SACEvents

class maze.train.trainers.sac.sac_events.SACEvents

Events specific for the SAC algorithm, in order to record and analyse it’s behaviour in more detail

buffer_avg_pick_per_transition(value: int)None

Record the cumulative moving average of the picks per transition of the buffer.

Parameters

value – The cumulative moving average of the number of times a single transitions is sampled from the trajectory buffer.

buffer_size(value: int)None

Record the size of the trajectory buffer.

Parameters

value – The size of the trajectory buffer.

critic_grad_norm(critic_key: Union[int, str], value: float)None

Record the critic gradient norm.

Parameters
  • critic_key – The key of the critic.

  • value – The value.

critic_value(critic_key: Union[int, str], value: float)None

Record the critic value.

Parameters
  • critic_key – The key of the critic.

  • value – The value.

critic_value_loss(critic_key: Union[int, str], value: float)None

Record the critic value loss.

Parameters
  • critic_key – The key of the critic.

  • value – The value.

entropy_coef(step_key: Union[str, int], value: float)None

Record the current entropy coefficient, interesting when using entropy tuning.

Parameters
  • step_key – The step_key of the multi-step env.

  • value – The current value of the entropy coefficient.

entropy_loss(step_key: Union[str, int], value: float)None

Record the current entropy loss, interesting when using entropy tuning.

Parameters
  • step_key – The step_key of the multi-step env.

  • value – The current value of the entropy loss.

errors_between_critics(critic_key: Union[int, str], value: float)None

Record the error between critic and target critic.

Parameters
  • critic_key – The key of the critic.

  • value – The value.

estimated_queue_sizes(before: int, after: int)None

Record the estimated queue size before and after the collection of the actors output.

Parameters
  • before – The estimated queue size before collection.

  • after – The estimated queue size after collection.

policy_entropy(step_key: Union[int, str], value: float)None

Record the policy entropy.

Parameters
  • step_key – The step_key of the multi-step env.

  • value – The value.

policy_grad_norm(step_key: Union[int, str], value: float)None

Record the gradient norm.

Parameters
  • step_key – The step_key of the multi-step env.

  • value – The value.

policy_loss(step_key: Union[int, str], value: float)None

Record the policy loss.

Parameters
  • step_key – The step_key of the multi-step env.

  • value – The value.

policy_mean_logp(step_key: Union[int, str], value: float)None

Record the mean policy logp.

Parameters
  • step_key – The step_key of the multi-step env.

  • value – The value.

time_backprob(time: float, percent: float)None

Record the total time it took the learner to backprob the loss + relative per to total update time.

Parameters
  • time – The absolute time it took for the computation.

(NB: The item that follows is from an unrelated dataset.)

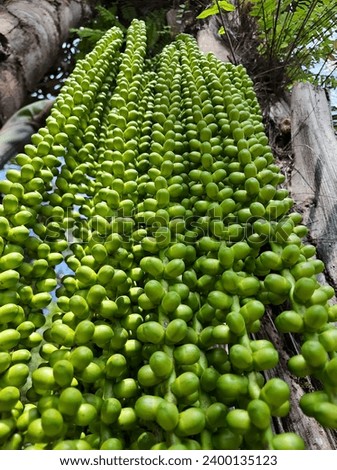 Kolang kaling or Aren fruit, Indonesian forest fruit.  the fruit of a palm tree, picture taken from below of tree by celullar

  • percent – The relative percentage this computation took w.r.t. to one update.

time_dequeuing_actors(time: float, percent: float)None

Record the time it took to dequeue the actors output from the synced queue + relative per to total update time.

Parameters
  • time – The absolute time it took for the computation.

  • percent – The relative percentage this computation took w.r.t. to one update.

time_learner_rollout(time: float, percent: float)None
Record the total time it took the learner to compute the logits on the agents output
  • relative per to total update time.

Parameters
  • time – The absolute time it took for the computation.

  • percent – The relative percentage this computation took w.r.t. to one update.

time_loss_computation(time: float, percent: float)None

Record the total time it took the learner compute the loss + relative per to total update time.

Parameters
  • time – The absolute time it took for the computation.

  • percent – The relative percentage this computation took w.r.t. to one update.

time_sampling_from_buffer(time: float, percent: float)None

Record the total time it took the learner to sample from the buffer + relative per to total update time.

Parameters
  • time – The absolute time it took for the computation.

  • percent – The relative percentage this computation took w.r.t. to one update.